World Wide Web Turns 30: Here's How You Can Access The World's First Website
World Wide Web Turns 30: Here's How You Can Access The World's First Website
The URL to the world's first website - info.cern.ch - is currently restored and available for the public.

Today is the 30th birth anniversary of the World Wide Web, and in case you were wondering how the webpages looked back in the day, then you have come to the right place. Thanks to CERN, a European research organisation near Geneva, some of the digital assets that are associated with the birth of the web have been preserved.

The URL to the world's first website - info.cern.ch - is currently restored and available for the public. CERN managed to look at the first web servers at CERN and managed to preserve some assets from them. The organisation even went through documentation and tried to restore machine names and IP addresses to their original state.

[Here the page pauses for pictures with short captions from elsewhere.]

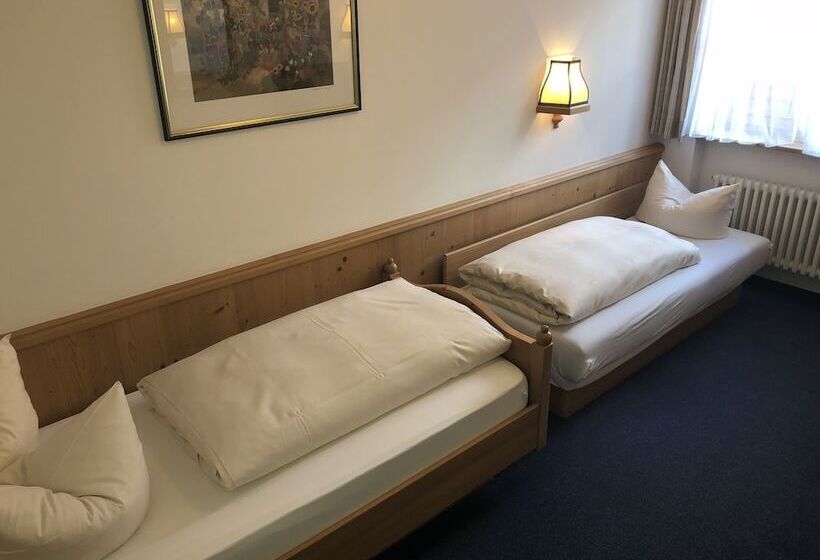 Отель Landgasthof Schöntag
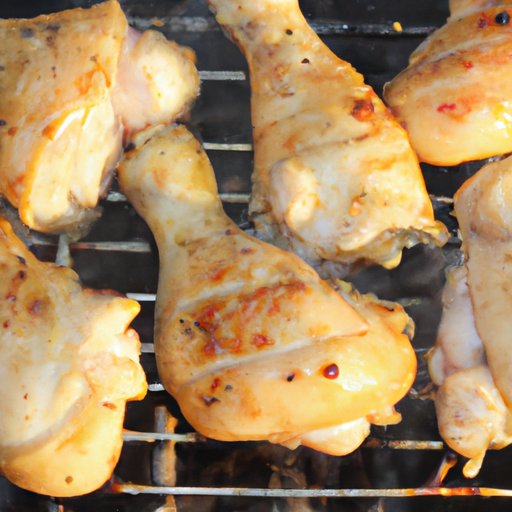 Grilling Chicken Thighs: A Complete Guide
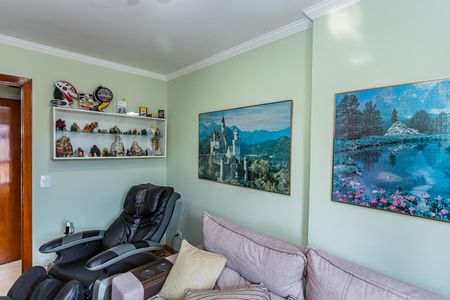 Apartamento à venda com 120m², 3 quartos e 3 vagas Apartamento à venda com 120m², 3 quartos e 3 vagasQuarto 2
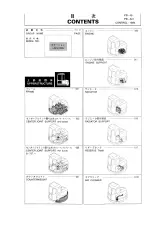 Hitachi EX75UR-3 Excavator Parts Catalog (P/N P1OV-1-2) – preview page 2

On April 30 1993, CERN published a statement that made World Wide Web ("W3", or simply "the web") technology available on a royalty-free basis. By making the software required to run a web server freely available, along with a basic browser and a library of code, the web was allowed to flourish.

"When the first website was born, it was probably quite lonely. And with few people having access to browsers - or to web servers so that they could, in turn, publish their own content - it must have taken a visionary leap of faith at the time to see why it was so exciting. The early WWW team, led by Tim Berners-Lee at CERN, had such vision and belief. The fact that they called their technology the World Wide Web hints at the fact that they knew they had something special, something big," said CERN in a blog post.

British physicist Tim Berners-Lee invented the web at CERN in 1989. The project, which Berners-Lee named "World Wide Web", was originally conceived and developed to meet the demand for information sharing between physicists in universities and institutes around the world.

The first website at CERN - and in the world - was dedicated to the World Wide Web project itself and was hosted on Berners-Lee's NeXT computer. The website described the basic features of the web; how to access other people's documents and how to set up your own server. Although the NeXT machine - the original web server - is still at CERN, sadly the world's first website is no longer online at its original address.